Jungingen, seeing the disaster unfolding, should probably have sounded the retreat. Nothing of the kind entered his mind, however. His hot blood raging, he gathered together all the knights he could into a wedge formation and charged directly for a slight height where he supposed the king would be found; certainly, he could see the royal banner flying there and a large number of heavily-armed knights. Jungingen did not lack the courage to stake everything on this one charge – he knew that the warhorses would be too exhausted to bear his men from the field if the attack failed. Perhaps he hoped that his charge, coming at a somewhat unexpected angle, would find the Polish forces insufficiently disciplined to change their formation quickly enough to meet him. He was wrong. Vytautas, seen at the centre of Matjeko’s painting, had seemingly been everywhere at once on his wing of the battlefield, performing fantastic and courageous feats; he now hurried over to the royal position with his men, perhaps to urge the king to reinforce the main battle lines with his reserves. In any case, Jungingen’s advance fell just short of the royal bodyguard. In vain, he yelled ‘Retreat!’ Surrounded and exhausted, Jungingen perished with a multitude of his best men. The rest of the cavalry, seeing him fall, fled in disorder. Panic quickly spread through the German ranks. The light cavalry from Culm seem to have led the flight. The Polish knights, once they had destroyed the main battle force, turned on the disordered surviving units as they tried to escape down the narrow roads and chewed them up one after another. The rearmost German knights were hindered in their terrified flight by the tangled units ahead of them. Unable to get past the masses of men, horses, and wagons, unable to fight effectively against an enemy coming up from behind, all they could do was to try to surrender or die fighting against hopeless odds. The crusaders on the victorious left wing came back booty-laden only to fall into the hands of those who held the battlefield. This was Długosz’s account of the battle; it quickly became the accepted story. Even the Germans agreed with Długosz, perhaps because he credited the Teutonic Knights with at least a partial victory, a rout of the pagan wing of the great army.
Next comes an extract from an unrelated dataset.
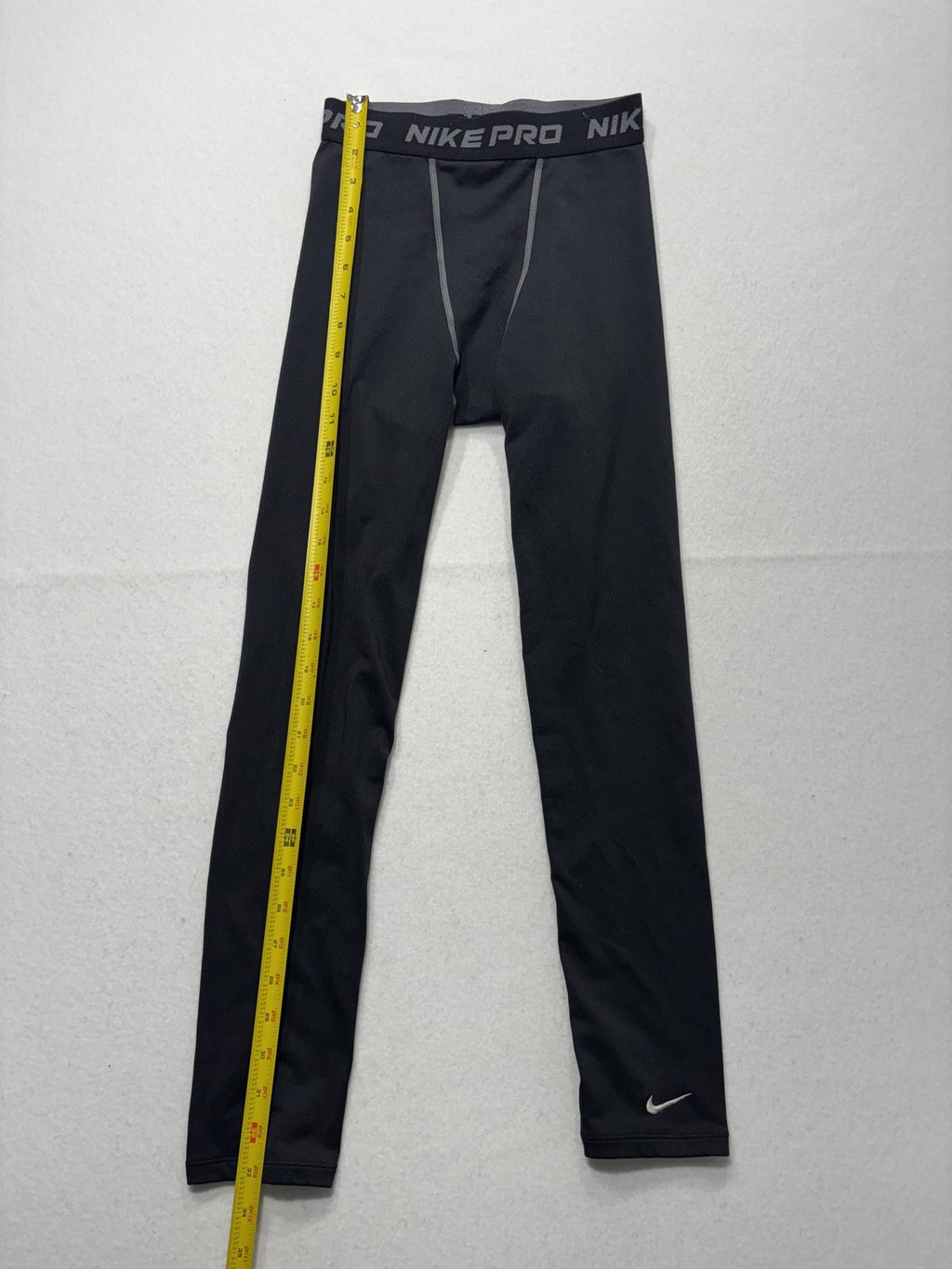 Nike Pro Compression Leggings Boys Large 14-16 Black NikeFIT Running Athletic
Polish historians emphasise royal generalship. They describe Jagiełło’s determination to participate in the combat personally, how the royal banner was brought to earth at one point, and how the king was saved from injury only by the last-moment intervention of Zbigniew Oleśnicki, the royal secretary, when a knight from Meissen, Luppold von Köckritz, charged directly for him. Mythology did not hesitate to turn this incident into a personal combat between Jagiełło and Jungingen. In short, according to Polish patriotic scholarship, Polish intelligence, courage, gallantry, and self-sacrifice had won the day.
Lithuanian historians disagree sharply with this interpretation of events. They insist that Vytautas’ men had made a tactical retreat, one common to warfare on the steppe, a ruse that tricked the crusaders from Germany into breaking ranks and dashing into an ambush. They regard the presence of Vytautas and the units from Smolensk fighting in the ranks of the victors during the decisive period of combat as proof that the main Lithuanian forces did not run away, but only lured the Germans into disordering their forces so badly that the way was open for the Polish attack. Credit for the victory should go to the grand prince, who inspired the tactics, who exhausted horse after horse in his relentless direction of the cavalry units, first on the right wing, then at the height of the fighting in the centre, when he brought the reinforcements that repelled Jungingen’s charge; not to his rival, Jagiełło, who was practically useless during the entire combat, unable to give commands or to inspire by personal example.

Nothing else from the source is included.